[Short descriptive text snippets]
#####

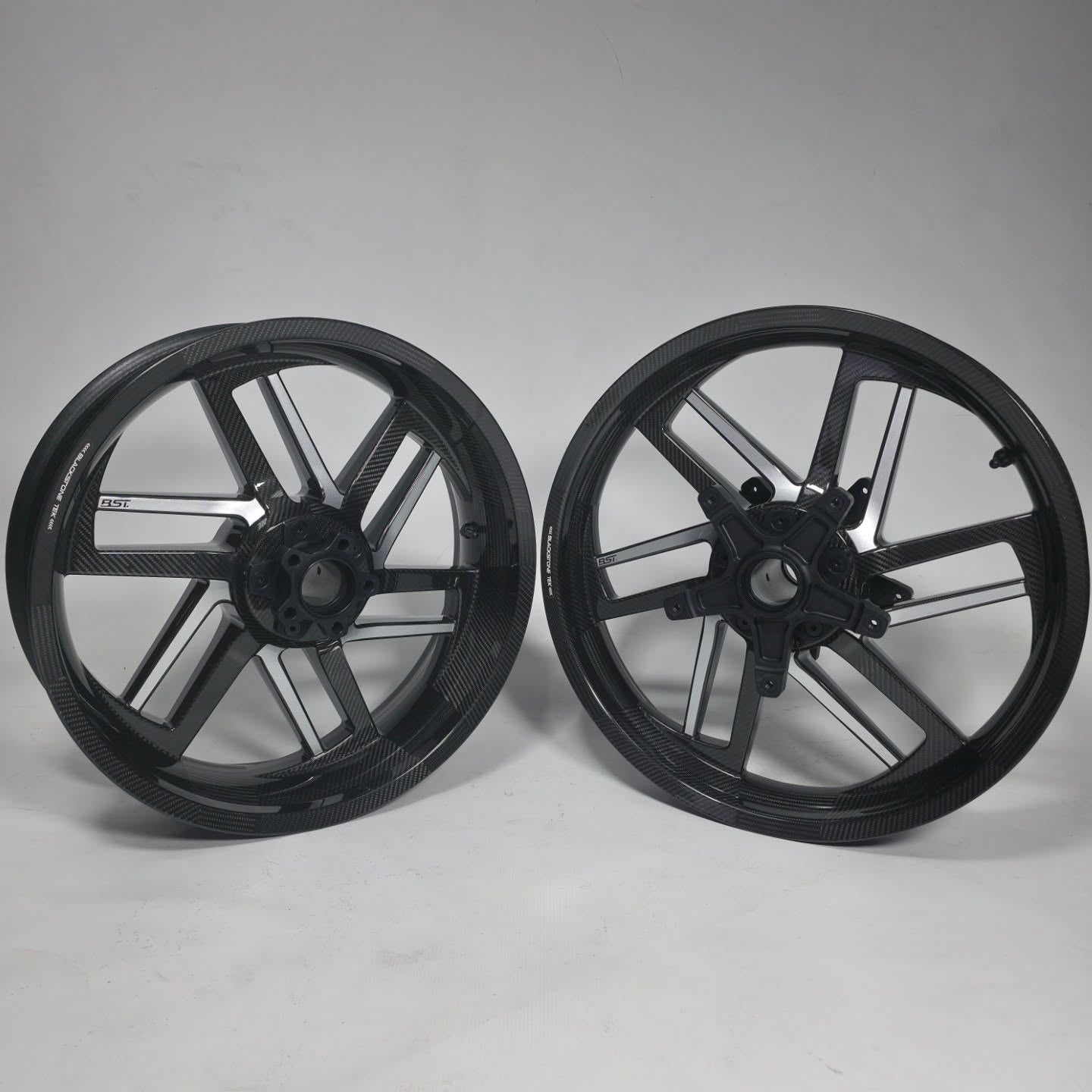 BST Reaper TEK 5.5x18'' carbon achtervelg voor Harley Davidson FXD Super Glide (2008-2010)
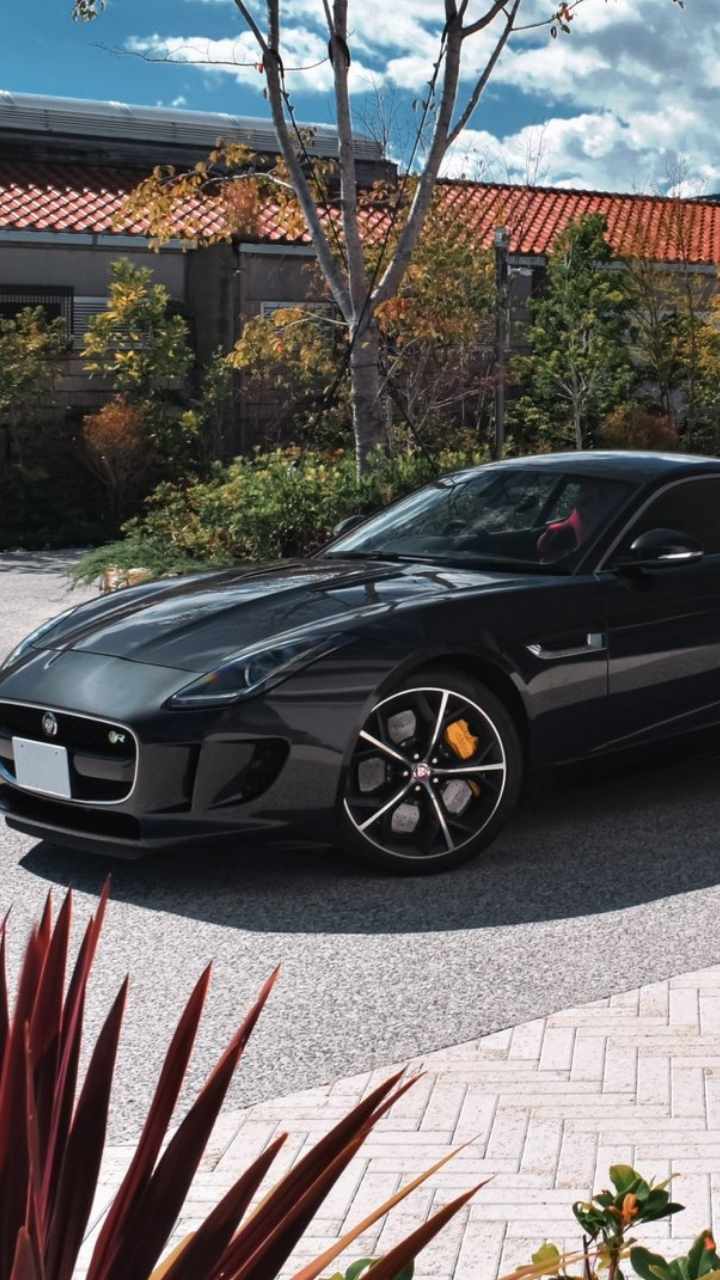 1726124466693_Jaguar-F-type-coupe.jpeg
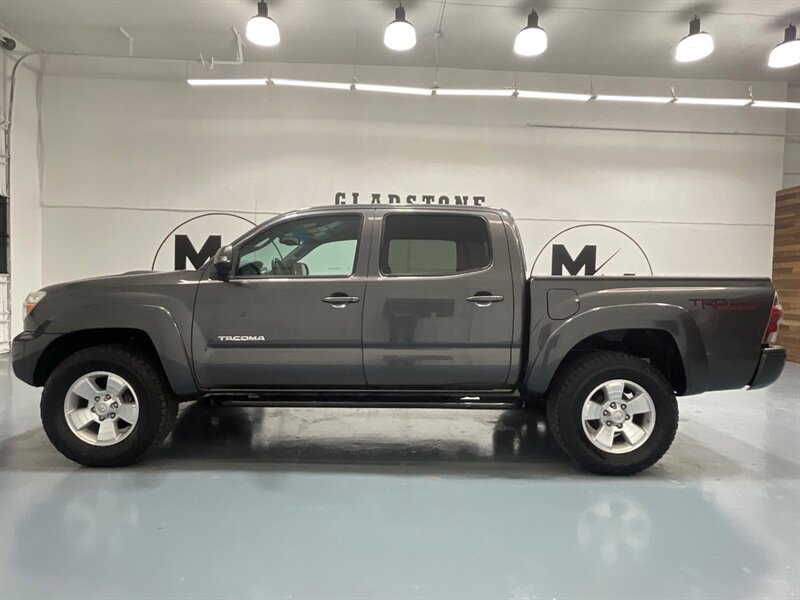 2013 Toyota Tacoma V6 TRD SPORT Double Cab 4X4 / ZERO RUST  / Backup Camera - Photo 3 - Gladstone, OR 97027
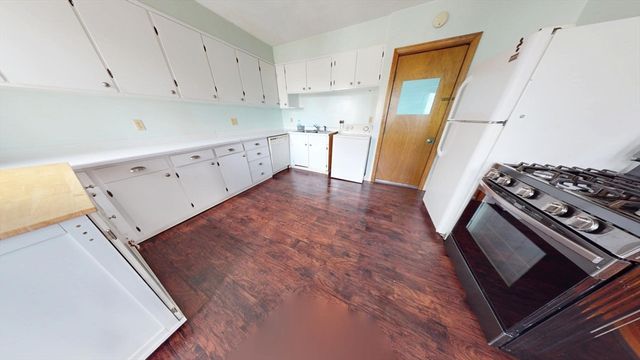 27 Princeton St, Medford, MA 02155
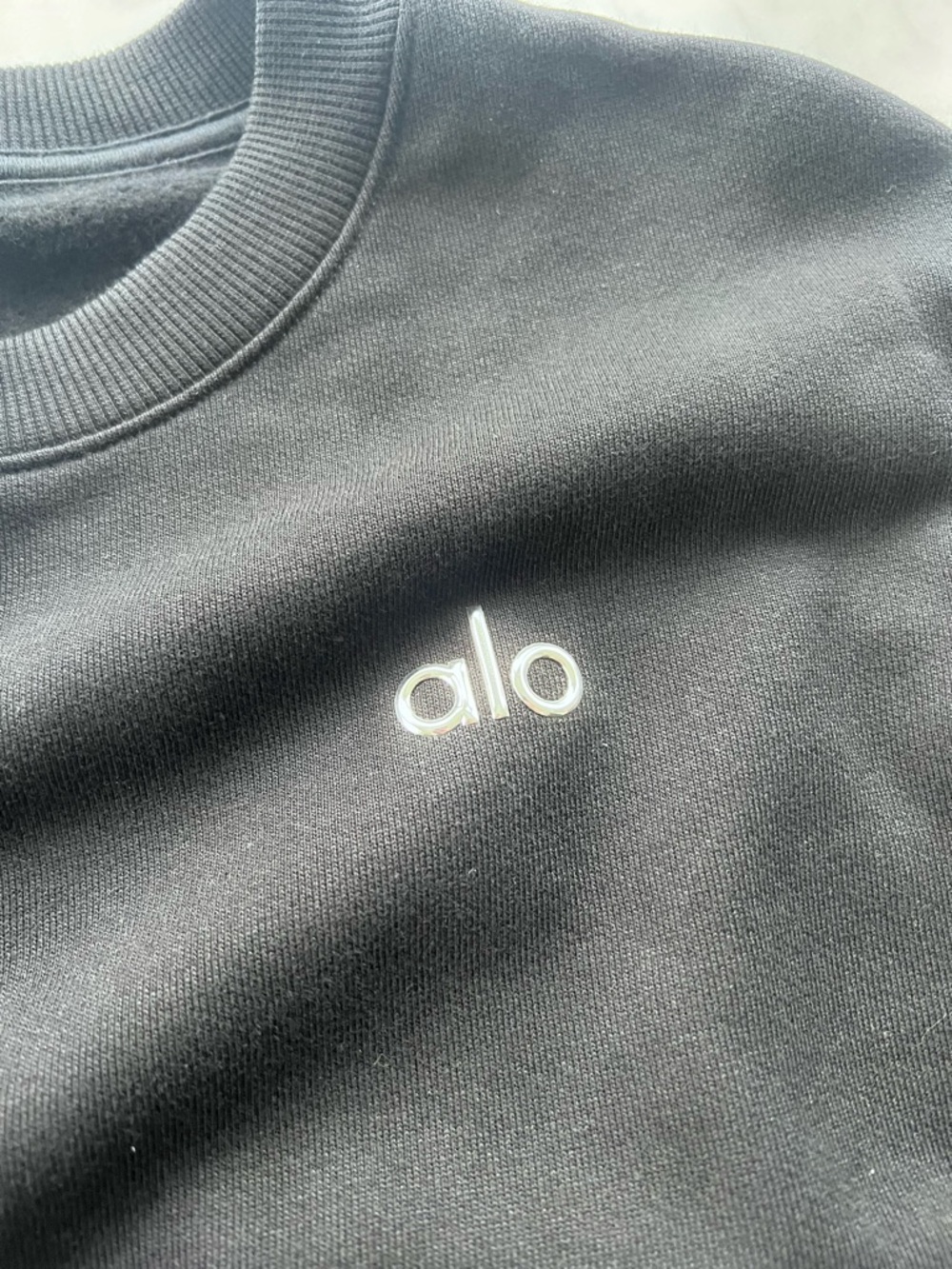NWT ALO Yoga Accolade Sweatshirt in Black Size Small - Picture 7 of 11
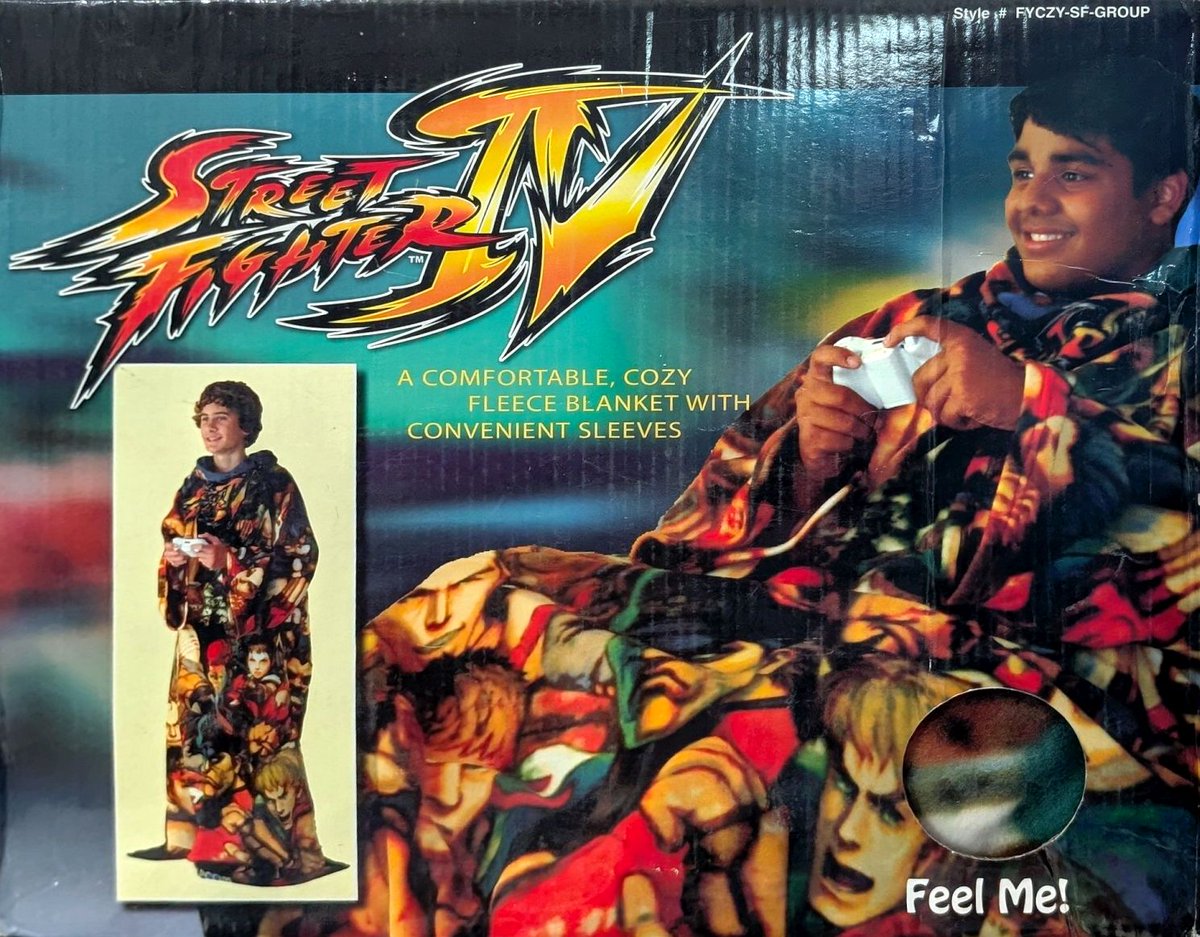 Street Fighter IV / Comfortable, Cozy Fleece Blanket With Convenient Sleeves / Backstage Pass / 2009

#####

> ABOUT THIS TASK
Repeat the lines exactly as they stand, from the opening line of the data through the line with "NWT ALO Yoga". Pictures stay out of the copy.

> SOLUTION FOR THIS EXERCISE
 BST Reaper TEK 5.5x18'' carbon achtervelg voor Harley Davidson FXD Super Glide (2008-2010)
 1726124466693_Jaguar-F-type-coupe.jpeg
 2013 Toyota Tacoma V6 TRD SPORT Double Cab 4X4 / ZERO RUST  / Backup Camera - Photo 3 - Gladstone, OR 97027
 27 Princeton St, Medford, MA 02155
NWT ALO Yoga Accolade Sweatshirt in Black Size Small - Picture 7 of 11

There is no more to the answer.